I buy all my sanding discs and mandrels from http://vinceswoodnwonders.com/ His blue discs outlast anybody elses and pay for themselves. I use a standard Dewalt drill that runs about $60. I bought a mandrel for each grit but Vince has some other good ideas on how to sand. Give him a call. A really nice guy.


----------



## hwebb99 (Nov 27, 2012)

I was thinking about using a angle grinder to power sand. Do you guys think it spins too fast? I have several cordless drills so I could use those. I would really like to use air power, but my compressor is too small.


----------



## mikeshoops (Apr 3, 2014)

I also use Vince's Wood'nWonders and enjoy the expertise and service. I use the green stearated sandpaper and his angle drill that controls speed beautifully. Fixed my groovy (not so good) bowls. The sand paper lasts so long, I don't know how he stays in business. Super nice to boot.
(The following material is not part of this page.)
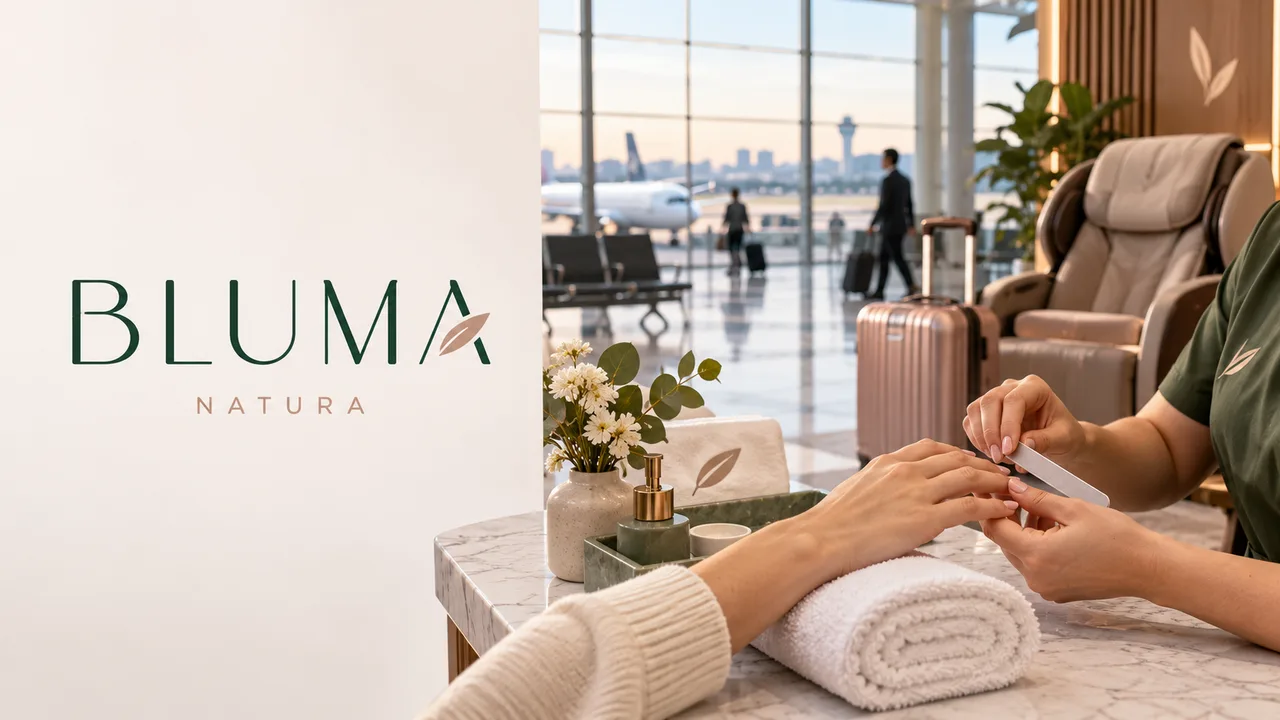Bluma nos aeroportos: serviços de beleza e bem-estar antes do embarque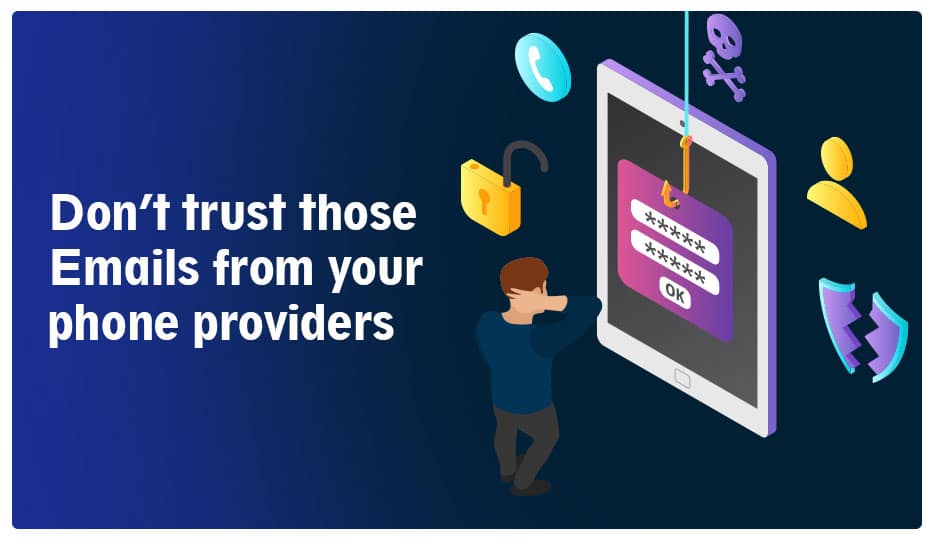 The phone provider phishing scam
Visit on line at http://vinceswoodnwonders.com/ or call toll free at tel:1-877-284-8969.


----------



## hwebb99 (Nov 27, 2012)

I am going to order from Vinceswoodnwonders tomorrow. I am going to get some 2" disk for my sandmaster. I am also going to get a pad so I can power sand using a drill. Is there any noticeable difference between the 2" and 3" ? I'm leaning towards the 2" so the disk are interchangeable between it and the sandmaster.


----------



## thenodemaster (Jun 14, 2015)

With sand paper. 

I use plain ol' sheets and the 2" and 3" discs either by hand or on my flex shaft attached to my drill press on a mobile base. Tried using my handheld drill, but it kept getting in the way. :thumbsup:


----------



## Bill Boehme (Feb 9, 2014)

I try to avoid power sanding because it distorts the roundness, but when necessary, I use my Sioux angle drill with medium density pads and Norton Dry Ice discs.


----------



## saculnhoj (May 18, 2015)

I wouldn't use an angle grinder. Too fast and too heavy. What I like about power sanding is the ability to turn the stop the lathe and sand just one problem area on the bowl. It will create a lower area so you have to blend it into the rest but when you have an area that just won't sand when the bowl is spinning this always works. You do need a way to stop the bowl from moving. I have used wedges between the hand wheel and motor, my index system, and even a strap clamp placed around the chuck and down to the floor, then you just rotate the bowl and step on the clamp and it holds it. 
What I find is quite often the bowls are out of round by just a few thousandths. Not enough to see or feel but sandpaper goes over the low spots and doesn't sand them until you remove a lot of wood. If you stop the lathe and hand sand these areas you will get rid of them and then usually you can go back to power sanding. Run the lathe at slow speed and the drill at moderate speed. You don't want to run a drill fast. Let the sandpaper do the work.


----------



## 9thousandfeet (Dec 28, 2014)

hwebb99 said:


> I am going to order from Vinceswoodnwonders tomorrow. I am going to get some 2" disk for my sandmaster. I am also going to get a pad so I can power sand using a drill. Is there any noticeable difference between the 2" and 3" ? I'm leaning towards the 2" so the disk are interchangeable between it and the sandmaster.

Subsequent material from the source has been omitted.